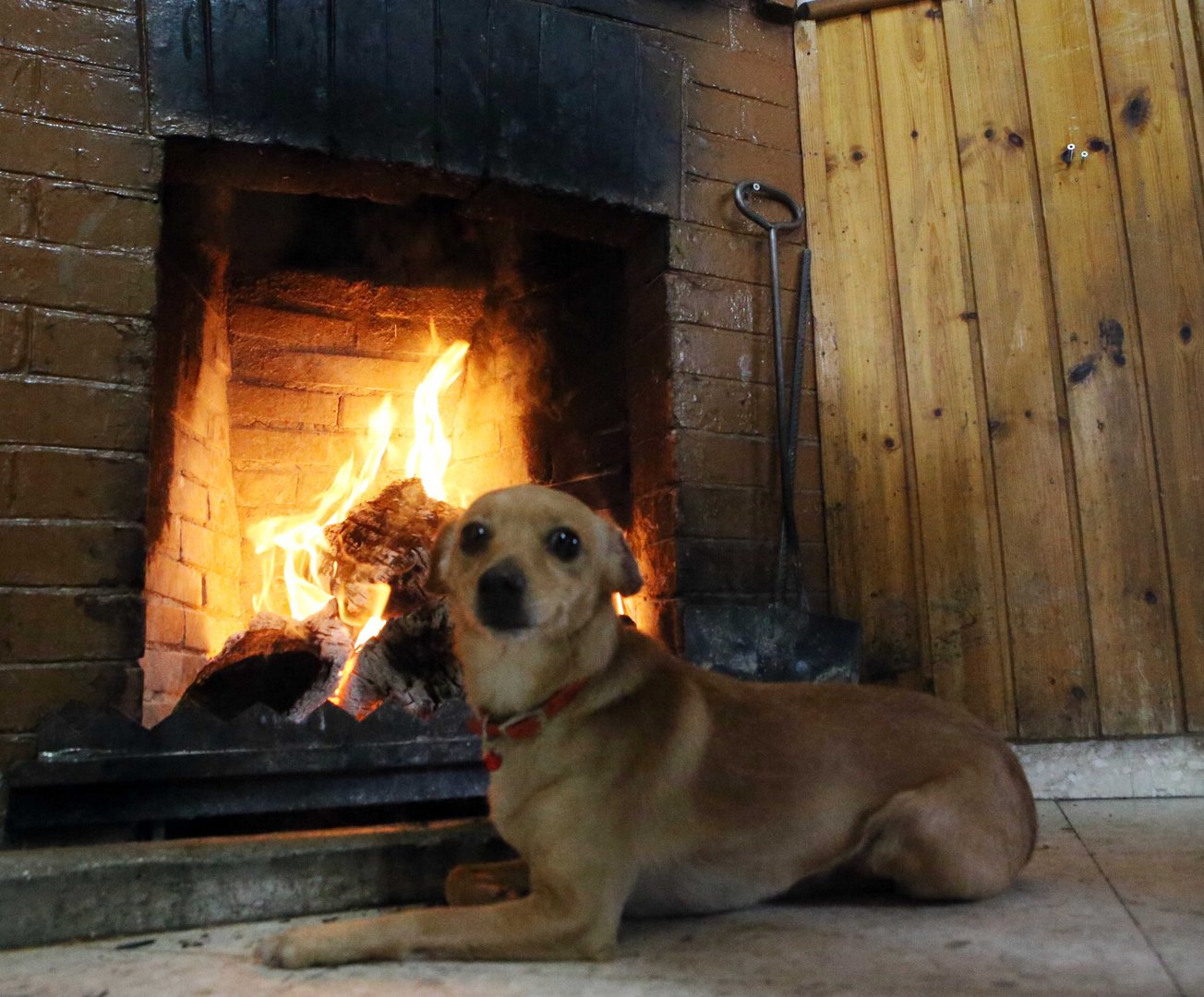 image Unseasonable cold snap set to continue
==
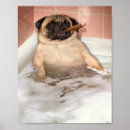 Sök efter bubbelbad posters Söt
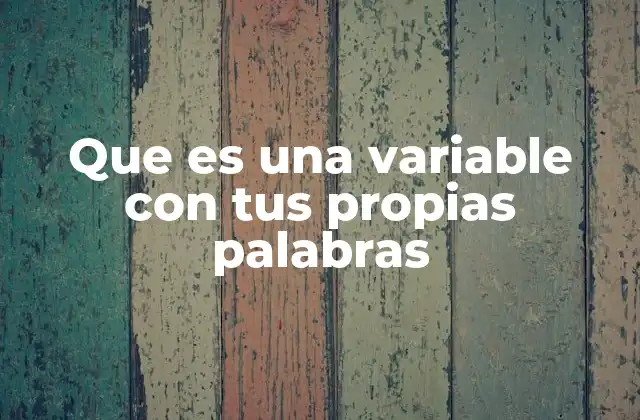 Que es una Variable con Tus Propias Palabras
---
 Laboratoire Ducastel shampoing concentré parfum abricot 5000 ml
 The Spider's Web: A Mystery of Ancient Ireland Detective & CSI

-- Task goal --
Beginning at the line above that contains "Laboratoire Ducastel shampoing", return each line exactly through the line that contains "The Spider's Web: A", and no others.

-- Answer for this exercise --
 Laboratoire Ducastel shampoing concentré parfum abricot 5000 ml
 The Spider's Web: A Mystery of Ancient Ireland Detective & CSI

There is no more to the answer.